CN112926169A

CN112926169A - Method for adjusting spring arrangement angle in Macpherson suspension

Info

Publication number: CN112926169A
Application number: CN201911234570.6A
Authority: CN
Inventors: 高壮; 王艺诺
Original assignee: Qoros Automotive Co Ltd
Current assignee: Qoros Automotive Co Ltd
Priority date: 2019-12-05
Filing date: 2019-12-05
Publication date: 2021-06-08
Anticipated expiration: 2039-12-05
Also published as: CN112926169B

Abstract

The invention discloses a method for adjusting the arrangement angle of a spring in a Macpherson suspension. The outer side of the macpherson suspension is connected to the tire and comprises: the adjusting method of the spring arrangement angle in the Macpherson suspension comprises the following steps: establishing an xyz coordinate system and designating a projection plane; in a projection plane, a mathematical model is established based on a lower swing arm coordinate of the lower swing arm, a spring coordinate of the spring, a tire coordinate of the tire, and a layout included angle of the spring and the shock absorber, and the mathematical model reflects the lateral compensation moment of the spring to the shock absorber. The lateral compensation moment of the spring to the shock absorber can be adjusted through adjusting the arrangement angle of the spring, so that the influence of the lateral force of the vehicle body on the shock absorber is reduced, the increase of the resistance of the shock absorber in the working stroke is avoided, and the working performance and the service life of the shock absorber are favorably improved.

Description

Method for adjusting spring arrangement angle in Macpherson suspension

Technical Field

The invention relates to the technical field of mechanical design, in particular to a method for adjusting the arrangement angle of a spring in a Macpherson suspension.

Background

In the macpherson suspension, a spring is arranged on a shock absorber, the resistance of the shock absorber in a working stroke can be increased due to the lateral force generated by the weight of a vehicle body, the influence of the lateral force of the vehicle body on the shock absorber can be effectively reduced by the arrangement angle of the spring on the shock absorber, but the influence is not reduced by designing the arrangement angle of the spring at present.

Disclosure of Invention

The present invention is directed to solving, at least to some extent, one of the above-mentioned problems in the prior art. Therefore, the invention provides a method for adjusting the arrangement angle of a spring in a Macpherson suspension, and provides a mathematical model which can guide the design of the arrangement angle of the spring so as to reduce the influence of the lateral force of a vehicle body on a shock absorber.

The outer side of the macpherson suspension is connected to the tire and comprises: the adjusting method of the spring arrangement angle in the Macpherson suspension comprises the following steps: establishing an xyz coordinate system and designating a projection plane; obtaining a lower swing arm coordinate of the lower swing arm, a spring coordinate of the spring, a tire coordinate of the tire and an arrangement included angle between the spring and the shock absorber in the projection plane; and establishing a mathematical model based on the lower swing arm coordinate, the spring coordinate, the tire coordinate and the arrangement included angle, wherein the mathematical model reflects the lateral compensation moment of the spring to the shock absorber.

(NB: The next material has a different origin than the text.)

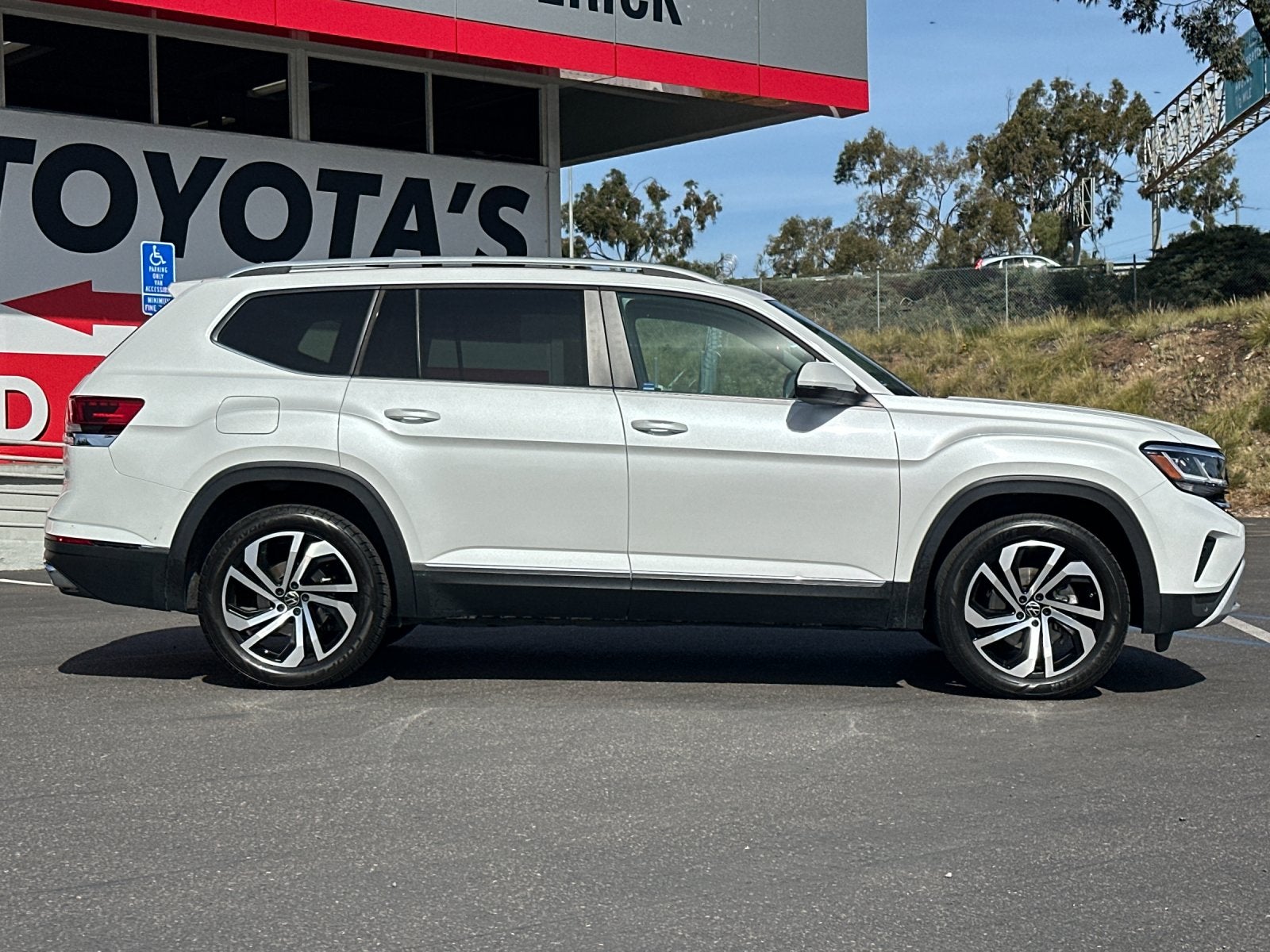 2023 Volkswagen Atlas SEL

According to the method for adjusting the arrangement angle of the spring in the McPherson suspension, the lateral compensation moment of the spring on the shock absorber can be adjusted by adjusting the arrangement angle of the spring, so that the influence of the lateral force of a vehicle body on the shock absorber is reduced, the resistance of the shock absorber in the working stroke is prevented from being increased, and the working performance and the service life of the shock absorber are improved.

According to some embodiments of the invention, the step of building the mathematical model comprises:

step one, determining a tire standard torque generated by the tire at the coordinates of the lower swing arm;

secondly, determining the spring standard torque generated by the spring at the lower swing arm coordinate;

and step three, superposing the tire standardized torque and the spring standardized torque to obtain the mathematical model.

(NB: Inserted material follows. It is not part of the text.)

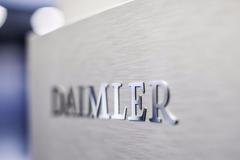 财报|戴姆勒集团净利润暴跌64%至27亿欧元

Specifically, in the first step, the tire standardized torque is obtained by a vertical force of the tire at the tire coordinate and a moment arm from the tire coordinate to the lower swing arm coordinate;

in the second step, the standardized moment of the spring is obtained by a component force generated by the vertical force along the direction of the spring and a moment arm from a lower point of the spring to the coordinate of the lower swing arm.

According to some embodiments of the invention, the projection plane is perpendicular to an x-axis, a vertical force vector of the tire at the tire coordinate is (0,0,1), the tire coordinate is (x1, y1, z1), the spring coordinate is (x2, y2, z2), the swing-down arm coordinate is (x3, y3, z3), a direction vector of the tire coordinate to the swing-down arm coordinate is: (x1-x3, y1-y3, z1-z3), in the step one, obtaining the tire normalized torque (Vx1, Vy1, Vz1) as: (y1-y3, x1-x3, 0).

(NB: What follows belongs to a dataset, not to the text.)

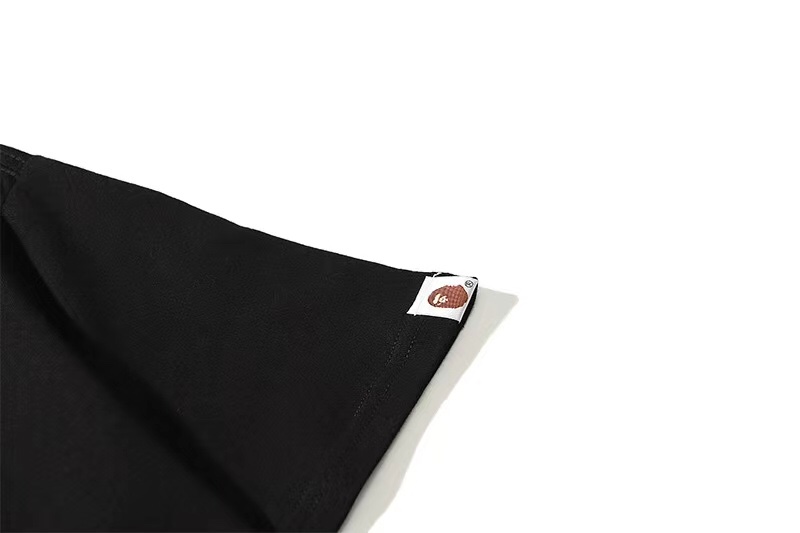 【BAPE  公式旗艦店】Tシャツご好評に付き再入荷！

Alternatively, (x1, y1, z1) is the center of ground point coordinate of the tire, (x2, y2, z2) is the upper point coordinate of the spring, (x3, y3, z3) is the coordinate of the lower swing arm where it is hinged to the tire.

Further, in the projection plane, an included angle between the shock absorber and a vertical line is α, an arrangement included angle between the spring and the shock absorber is β, and a stress direction vector of the spring is (x3, sin (α + β), cos (α + β)).

Further, the component force (Vx3, Vy3, Vz3) in the spring direction generated by the vertical force of the ground point is:

further, the length of the spring is L, and the direction vector (Vx4, Vy4, Vz4) from the lower point of the spring to the lower swing arm coordinate is: (x2-x3, y2+ L sin (α + β) -y3, z2+ L cos (α + β) -z 3).

According to some embodiments of the invention, the spring normalized moment (Vx2, Vy2, Vz2) is obtained from (Vx3, Vy3, Vz3) and (Vx4, Vy4, Vz 4): (Vy3 Vz4-Vz3 Vy4, Vx3 Vz4-Vz3 Vx4, Vx3 Vy4-Vy3 Vx 4).

According to some embodiments of the present invention, the mathematical model is (Vx1+ Vx2, Vy1+ Vy2, Vz1+ Vz2) after the tire normalized torque is superimposed with the spring normalized torque.

Further, the lateral compensation moment of the spring on the shock absorber is larger when Vx1+ Vx2 is smaller.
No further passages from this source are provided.